Uang Mahar Wanita Cantik Palestina Tak Masuk Akal, Hancurkan Impian Pria Menikah

Ibnu Sina Ali Hakim, telisik indonesia
Minggu, 12 November 2023
0 dilihat
Uang Mahar Wanita Cantik Palestina Tak Masuk Akal, Hancurkan Impian Pria Menikah
Masalah mengenai uang mahar yang terlalu tinggi tentunya tidak terlalu asing di Indonesia.
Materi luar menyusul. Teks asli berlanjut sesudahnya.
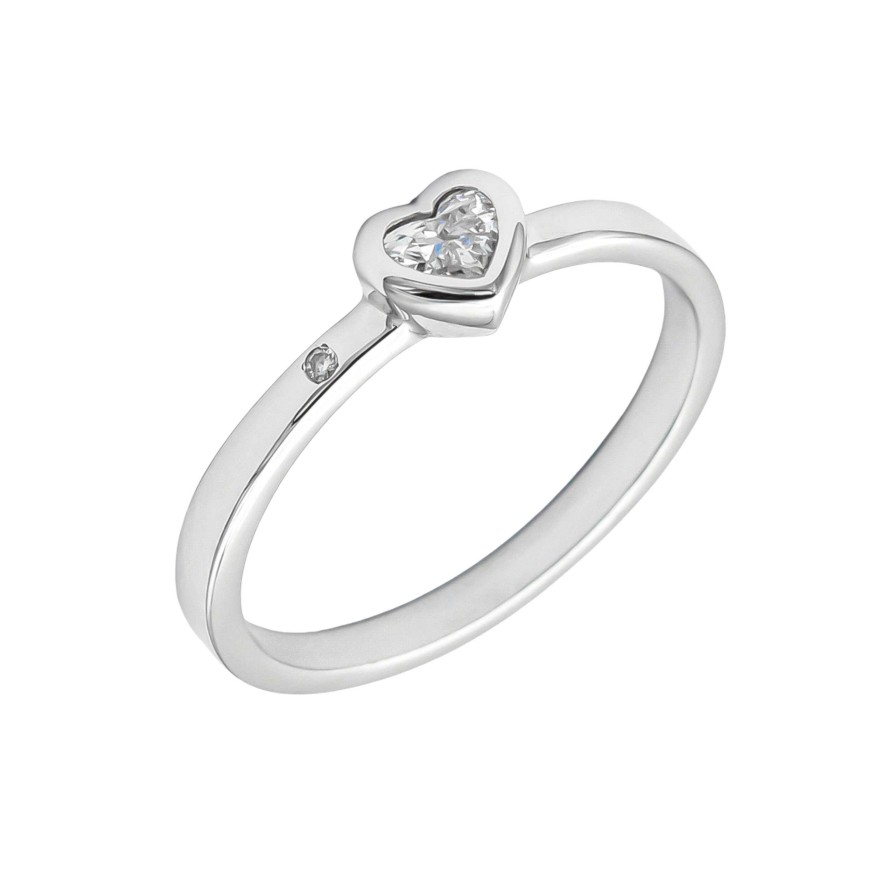 Boda Joyeria Luis Luna | Anillo Coraz N Diamante 0,16Ct G-Vs Oro Blanco 18K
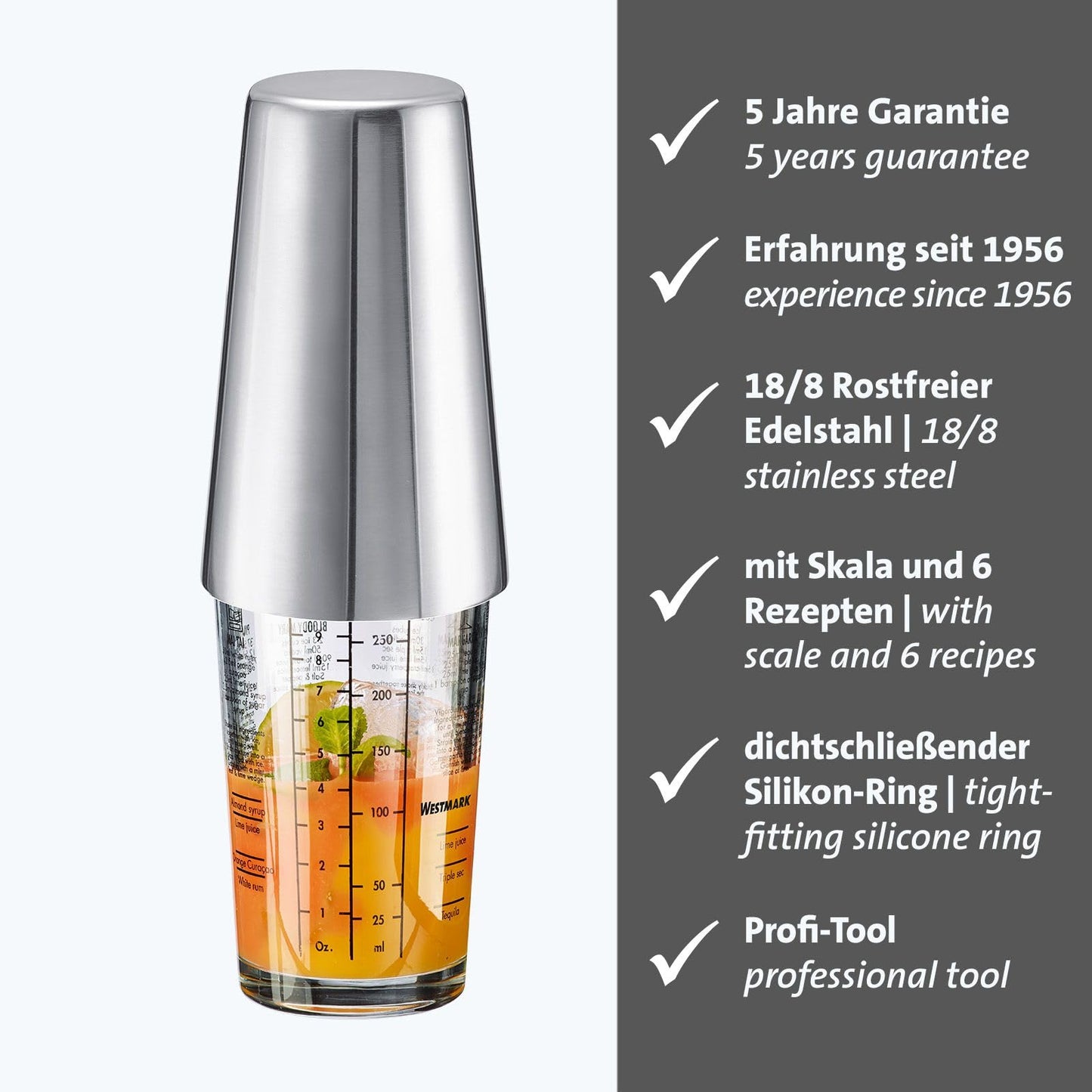 Westmark Cocktail Shaker Sam – Shaker mit Skala und Sieb, professioneller Cocktail-Mixer, Bar Zubehör, inkl. Rezepte zum Mixen von Margarita und mehr – Edelstahl, Glas, 400 ml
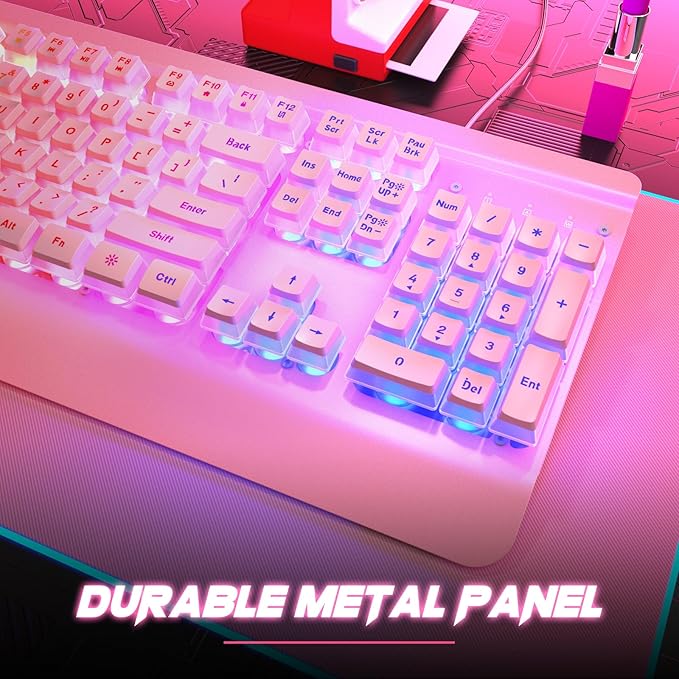 Pink Creamy Keyboard 104 Keys All-Metal Panel Rainbow LED Backlit Silent Gaming Keyboard Wrist Rest PBT Keycap Anti-ghosting Keys Light Up USB Wired Computer Keyboard for PC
Namun, pernahkah membayangkan bahwa kondisi serupa juga terjadi di Palestina. Foto: Pinterest

" Masalah mengenai uang mahar yang terlalu tinggi tentunya tidak terlalu asing di Indonesia. Namun, pernahkah membayangkan bahwa kondisi serupa juga terjadi di Palestina "

GAZA, TELISIK.ID - Masalah mengenai uang mahar yang terlalu tinggi tentunya tidak terlalu asing di Indonesia. Namun, pernahkah membayangkan bahwa kondisi serupa juga terjadi di Palestina.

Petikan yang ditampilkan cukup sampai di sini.